I was raised in Cardiff in a Welsh-speaking family. I wanted to study physics until I realised that it did not allow me to analyse that in which I was really interested: people. From 2018-2021 I completed an English degree at Clare College, Cambridge, graduating with two university prizes. Whilst at Cambridge, I focused on the Medieval period, borrowing papers in Old English and Medieval Welsh, and taking advantage of the faculty’s language provision to also learn Latin. I love studying the Medieval period because its foreignness constantly makes me reconsider elements of the world which I would otherwise take for granted, whether through the discovery of a new etymology or through a slightly different way of constructing race.

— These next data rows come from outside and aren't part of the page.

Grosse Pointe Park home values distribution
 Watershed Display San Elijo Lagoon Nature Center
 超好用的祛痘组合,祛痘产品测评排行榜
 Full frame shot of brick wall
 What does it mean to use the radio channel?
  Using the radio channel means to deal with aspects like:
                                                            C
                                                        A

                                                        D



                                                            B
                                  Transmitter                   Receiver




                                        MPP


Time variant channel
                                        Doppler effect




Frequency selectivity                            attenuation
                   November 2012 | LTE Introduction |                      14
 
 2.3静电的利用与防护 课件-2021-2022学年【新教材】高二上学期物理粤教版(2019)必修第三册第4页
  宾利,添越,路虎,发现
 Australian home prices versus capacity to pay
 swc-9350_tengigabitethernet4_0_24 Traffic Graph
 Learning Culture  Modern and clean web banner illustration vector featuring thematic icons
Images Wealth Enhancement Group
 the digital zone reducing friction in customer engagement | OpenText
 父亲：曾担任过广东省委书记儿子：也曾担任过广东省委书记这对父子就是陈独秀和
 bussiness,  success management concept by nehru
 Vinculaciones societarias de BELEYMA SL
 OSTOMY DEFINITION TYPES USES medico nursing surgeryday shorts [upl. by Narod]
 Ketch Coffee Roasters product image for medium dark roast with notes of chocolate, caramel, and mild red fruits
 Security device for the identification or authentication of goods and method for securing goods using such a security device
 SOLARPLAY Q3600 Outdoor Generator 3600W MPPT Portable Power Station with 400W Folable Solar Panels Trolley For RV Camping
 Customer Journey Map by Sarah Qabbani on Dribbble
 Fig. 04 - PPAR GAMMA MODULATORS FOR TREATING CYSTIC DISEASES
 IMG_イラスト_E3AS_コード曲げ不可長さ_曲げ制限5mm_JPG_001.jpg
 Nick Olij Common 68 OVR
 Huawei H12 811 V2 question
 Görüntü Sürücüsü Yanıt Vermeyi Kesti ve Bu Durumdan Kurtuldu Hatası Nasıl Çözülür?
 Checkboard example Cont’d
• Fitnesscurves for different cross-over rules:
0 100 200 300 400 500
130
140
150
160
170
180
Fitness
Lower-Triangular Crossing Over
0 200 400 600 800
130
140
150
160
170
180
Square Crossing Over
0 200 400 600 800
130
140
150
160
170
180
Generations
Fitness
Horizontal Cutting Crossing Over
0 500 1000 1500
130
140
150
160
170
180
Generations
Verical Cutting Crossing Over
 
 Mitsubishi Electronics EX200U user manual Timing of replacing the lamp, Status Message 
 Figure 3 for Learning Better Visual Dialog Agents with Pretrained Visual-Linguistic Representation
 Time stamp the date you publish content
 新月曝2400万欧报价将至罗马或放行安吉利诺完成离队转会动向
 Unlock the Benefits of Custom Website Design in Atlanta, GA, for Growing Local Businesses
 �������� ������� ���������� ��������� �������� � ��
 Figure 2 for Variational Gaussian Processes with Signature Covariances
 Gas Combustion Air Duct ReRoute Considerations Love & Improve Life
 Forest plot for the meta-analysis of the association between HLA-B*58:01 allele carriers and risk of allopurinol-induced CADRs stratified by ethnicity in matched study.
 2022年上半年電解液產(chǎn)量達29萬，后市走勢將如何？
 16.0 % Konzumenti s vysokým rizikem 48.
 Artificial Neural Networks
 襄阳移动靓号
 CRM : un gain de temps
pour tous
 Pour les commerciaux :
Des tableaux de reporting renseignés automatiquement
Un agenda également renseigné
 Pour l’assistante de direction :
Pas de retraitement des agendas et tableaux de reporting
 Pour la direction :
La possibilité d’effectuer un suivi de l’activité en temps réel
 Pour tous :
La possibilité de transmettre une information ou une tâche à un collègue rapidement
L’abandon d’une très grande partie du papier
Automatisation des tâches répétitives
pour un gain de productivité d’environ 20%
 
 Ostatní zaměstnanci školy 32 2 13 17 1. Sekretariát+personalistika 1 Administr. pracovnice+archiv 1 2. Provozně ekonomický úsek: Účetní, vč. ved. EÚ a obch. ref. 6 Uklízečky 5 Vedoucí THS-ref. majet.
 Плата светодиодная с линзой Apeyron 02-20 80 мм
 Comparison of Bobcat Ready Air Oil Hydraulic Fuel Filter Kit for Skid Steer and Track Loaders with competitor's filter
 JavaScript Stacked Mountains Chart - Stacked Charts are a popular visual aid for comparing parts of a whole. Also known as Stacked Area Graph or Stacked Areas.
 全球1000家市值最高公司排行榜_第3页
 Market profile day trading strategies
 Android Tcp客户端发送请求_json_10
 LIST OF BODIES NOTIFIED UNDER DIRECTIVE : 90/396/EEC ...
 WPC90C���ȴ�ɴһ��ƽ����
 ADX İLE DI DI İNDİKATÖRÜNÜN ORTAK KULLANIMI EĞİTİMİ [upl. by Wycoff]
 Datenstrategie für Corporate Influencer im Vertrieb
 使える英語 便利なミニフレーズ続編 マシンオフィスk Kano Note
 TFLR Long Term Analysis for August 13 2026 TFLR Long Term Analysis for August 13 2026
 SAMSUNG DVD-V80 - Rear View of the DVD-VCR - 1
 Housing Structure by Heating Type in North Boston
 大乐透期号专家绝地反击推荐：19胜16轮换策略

The MSt in Medieval Studies will allow me to continue working across languages and disciplines; I’m taking advantage of the course’s breadth to study medieval German (before beginning my first degree, I took a year out to work in Austria), a subject I could not stretch my undergraduate course to contain. My MSt thesis will look at how cultures of theologically-driven silence caused definitions of speech to warp and change during the High Middle Ages. The treatment of enforced silence as a way of regulating how the self was performed was predicated on a belief that the tongue is the locus of speech and thus of sin; monks who gossiped through sign language challenged this view, triggering a reconsideration of the nature both of language and self-expression. This fluid intellectual climate underpins two key areas of interest for me: book production and the understanding of disability. Those copying manuscripts began to see their work as a substitute for speech, whilst a shift of focus away from vocal expression created an environment in which deafness and muteness were often seen as unremarkable.
I am looking forward to joining the Ertegun community and learning from the other scholars, and am so grateful to be supported in studying a subject I love for another year.